A receiving party will only pay one fee (for setting the matter down) unless there have been interim application and/or a Court fee for issuing Part 8 proceedings (see my previous Blog post on this issue).

Assuming the use of the plural was deliberate (and it is to be granted that it is doubtful that any thought was given as to what was meant to be included in the cap), this would suggest interim applications are certainly included in the cap and full credit would have to be given for any interim costs orders (ordered or agreed) during the provisional assessment process (ie interim costs order made for £500 plus VAT and Court fee, only a further £1,000 plus VAT and Court fee recoverable for any further work done).

Although I have serious doubt as to what thought was given to this matter when the rules were formulated, it would be entirely consistent with the overriding aim of the provisional assessment process (to limit the costs of assessment) that it was intended to be an inclusive figure to discourage unnecessary applications, such as those for interim costs certificates. (The Senior Courts Costs Office Guide states: “An application for an interim costs certificate which is made in a case proceeding to a provisional assessment will not be listed for hearing on a date before the provisional assessment takes place unless some good reason for such an early listing is shown”.)

7 thoughts on “Court fees in provisional assessment cap”

  1. Ones assumes you are referring to Fixed Recoverable Costs. PA costs are payable if the Receiving Party commences Assessment Proceedings. Recent cases and in particular the matter currently listed before the CoA in Oct 16 sometime, shows that disputes still arise even in FRC cases. Those disputes, absent an agreement, are resolved by the Courts. Somebody has to pay for that process.

    The question you pose does however bring with it a slightly different question. There does not appear to be any authority for a Receiving Party to commence DA/PA proceedings upon acceptance of a Part 36 offer where section IIIA applies – see CPR 36.20 (2). In contrast CPR 36.13 (3) does however provide such an authority in cases where the costs are not fixed.

    Therefore if FRC costs apply, a Part 36 offer is accepted, how can a Receiving Party commence DA/PA proceedings in the event of a dispute? If there are no DA/PA proceedings then there can be no PA costs are payable in such claims.

    Where is dispute does arise as to what FRC costs are payable, does a RP issue an Application seeking an authority for costs to be assessed or an order as to what FRC costs are payable? I thought the whole process of FRC was to end satellite litigation not create it…

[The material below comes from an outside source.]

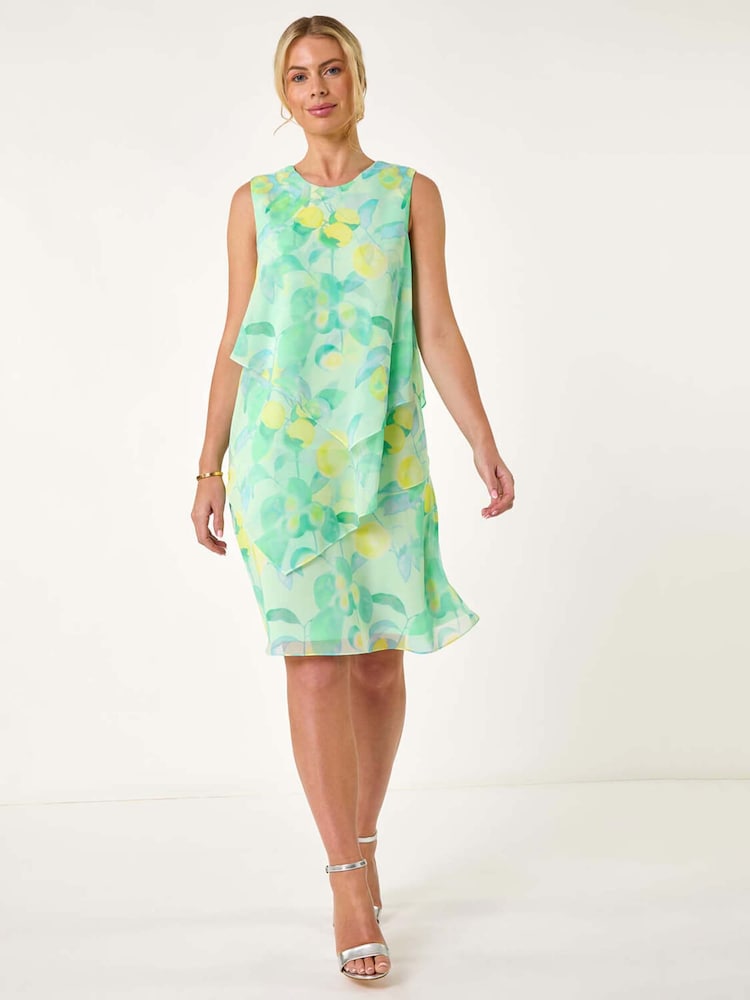 Roman Green Petite Lemon Print Layered A-Line Dress - Image 2 of 5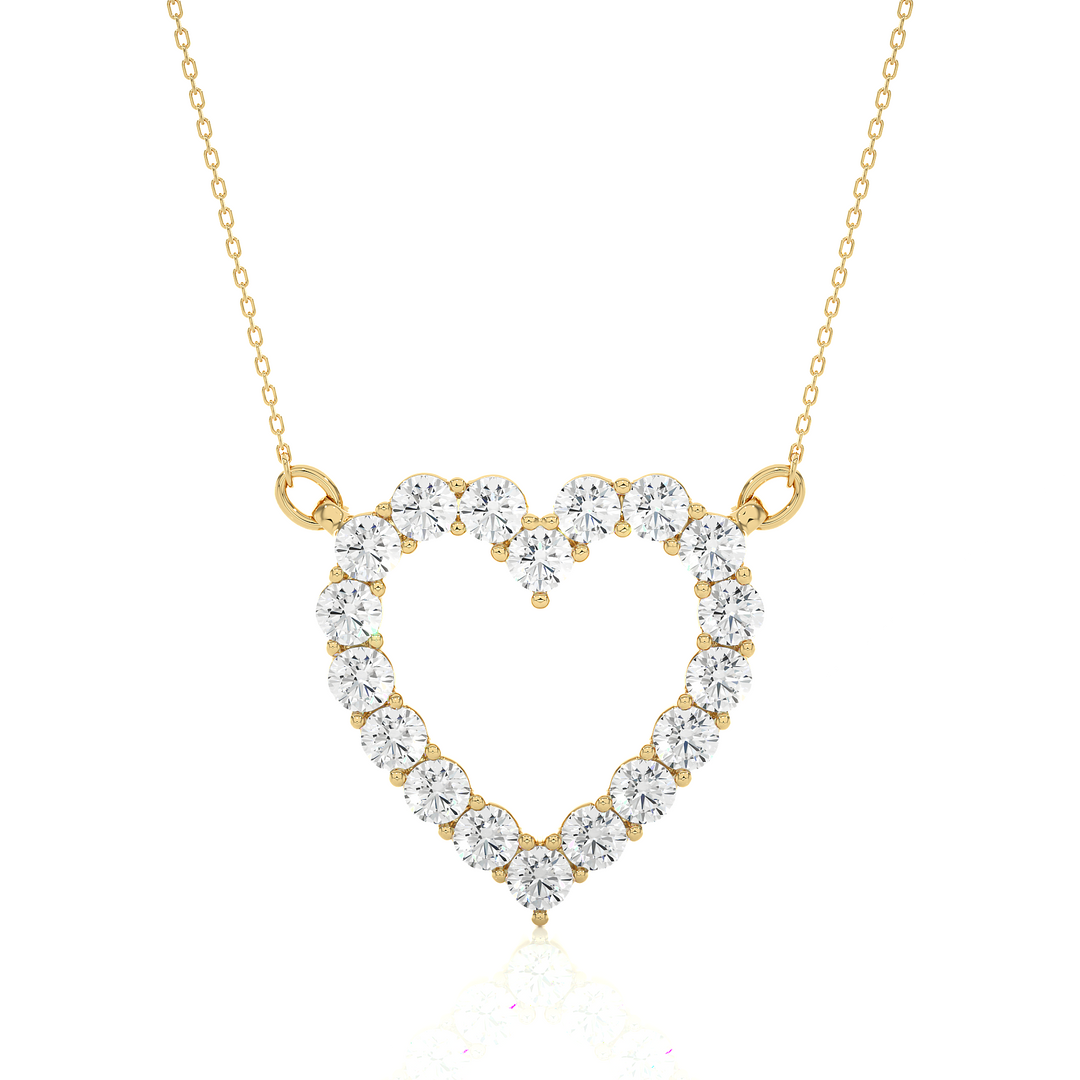0.46 CT Lab-Grown Diamond Heart Pendant Necklace | Round Diamonds | Solid Gold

    Clearly, as history shows, ill-thought out rules cause the majority of ‘cost-wars’.

  2. @ anonymous 3.12.15

    As I read it with respect, nothing in CPR 36.20(2), usurps CPR 36.11 or CPR 44.9 – it merely effects the basis on which they will be determined. To read otherwise, would exclude all Part 36 offers from PA/DA, which contradicts CPR 44.9 surely?

    In respect of your response to the original question, you do not actually qualify your argument, and I would be grateful if you (or others) would do so? I agree completely that there are still disputes in even FRC cases. The comment “somebody has to pay for that”, doesn’t however address the specific question – the costs are Fixed already, so where is it written, where the language of CPR 45 is unambiguous that FRC is all that is payable in such cases, that a PA/DA arising in the same claim, is outside those Fixed costs?? As a simpler example perhaps; D argues the case was SCT. C disagrees and takes it to a DA. Court agrees with D and says SCT do apply, and limits the Claimant accordingly. D says “I won, I want my costs please of £X” Court (and a smart C) says “but we have just established that SCT costs apply, so there are no further costs payable”!

  3. @ Anonymous 12:32

    The answer the original question posed appears straightforward on a reading of CPR 47.20. There is simply no reference to the costs of the DA/PA process being fixed other than by reference to the £1,500 cap. The RP is entitled to his ‘costs’ of the DA/PA process unless the Court makes some other order. Nowhere is it stated those ‘costs’ are fixed. Logically it must follow they are to be assessed in the normal way subject to the £1,500 cap.

    In respect to your comments re: the FRC and Part 36 offers in issued cases, neither CPR 36.11 or CPR 44.9 has any applicability in matters where a P36 offer is accepted in a FRC issued case. CPR 36.20 (2) specifically deals with acceptance in that situation. CPR 36.11 deals with acceptance. CPR 36.13 deals with the consequences of acceptance but that rule is qualified in FRC cases with the bracketed comments under CPR 36.13 (1). CPR 36.20 (2) deals with acceptance of Part 36 offers in FRC cases to which Section IIIA applies. CPR 44.9 simply makes no reference at all to CPR 36.20 which to my mind fortifies the view that CPR 36.20 (2) does not provide an authority to commence DA proceedings. This cannot possibly exclude all P36 offers as all offers outside of FRC Section IIIA are dealt with under CPR 36.13 (2) – which you will note makes specific reference that that rule excludes FRC costs and the authority to have those costs assessed is to be found at CPR 36.13 (3).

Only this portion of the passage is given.